> Task brief: Please retype all of the records below word for word, leaving out any pictures.

> Given information:

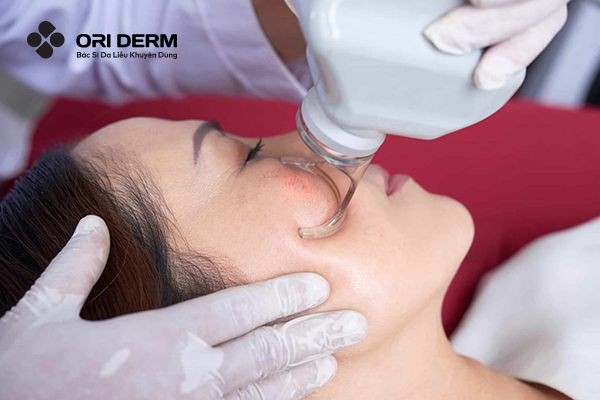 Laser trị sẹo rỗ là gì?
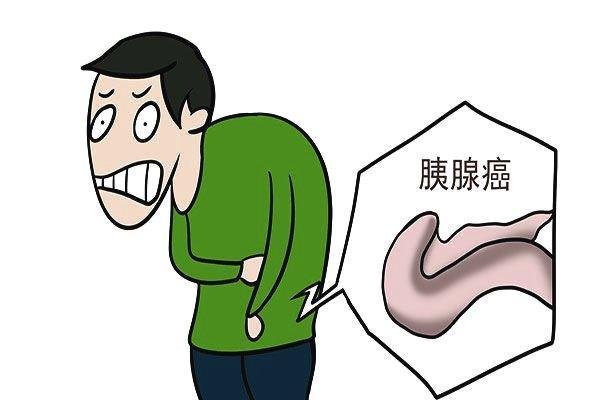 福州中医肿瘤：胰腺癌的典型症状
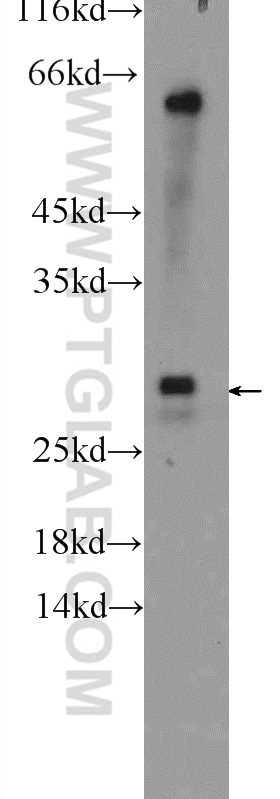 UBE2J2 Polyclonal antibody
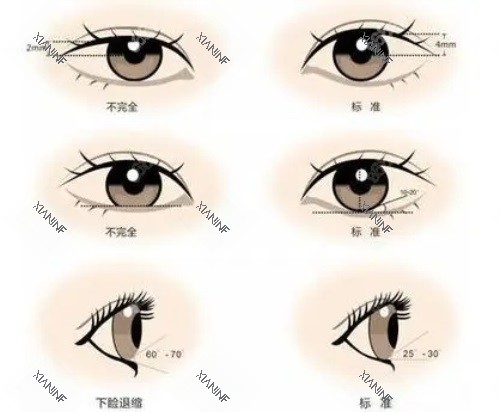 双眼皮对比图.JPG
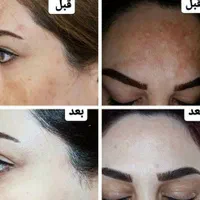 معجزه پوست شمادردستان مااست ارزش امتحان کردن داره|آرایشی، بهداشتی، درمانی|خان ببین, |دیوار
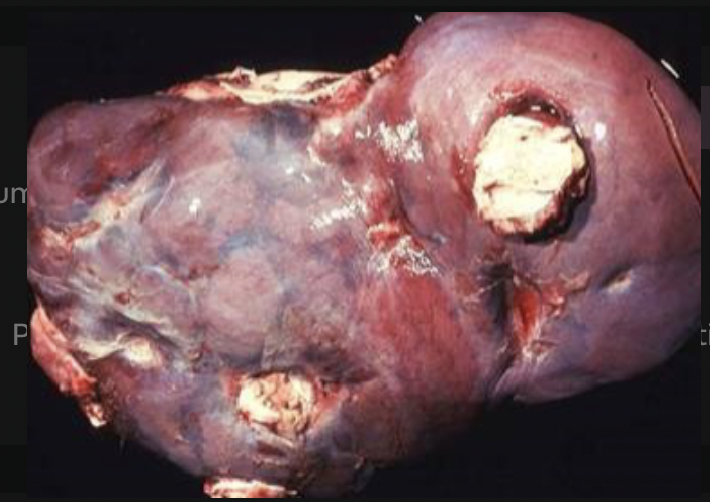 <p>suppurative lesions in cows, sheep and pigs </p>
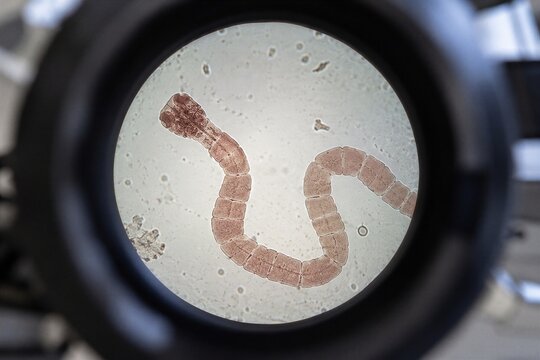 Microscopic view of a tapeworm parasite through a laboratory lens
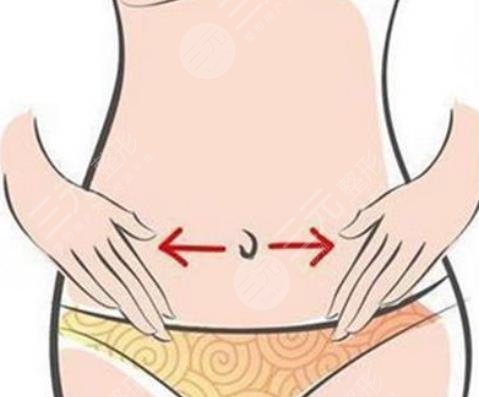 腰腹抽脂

> Written answer:
 Laser trị sẹo rỗ là gì?
 福州中医肿瘤：胰腺癌的典型症状
 UBE2J2 Polyclonal antibody
 双眼皮对比图.JPG
 معجزه پوست شمادردستان مااست ارزش امتحان کردن داره|آرایشی، بهداشتی، درمانی|خان ببین, |دیوار
 <p>suppurative lesions in cows, sheep and pigs </p>
 Microscopic view of a tapeworm parasite through a laboratory lens
 腰腹抽脂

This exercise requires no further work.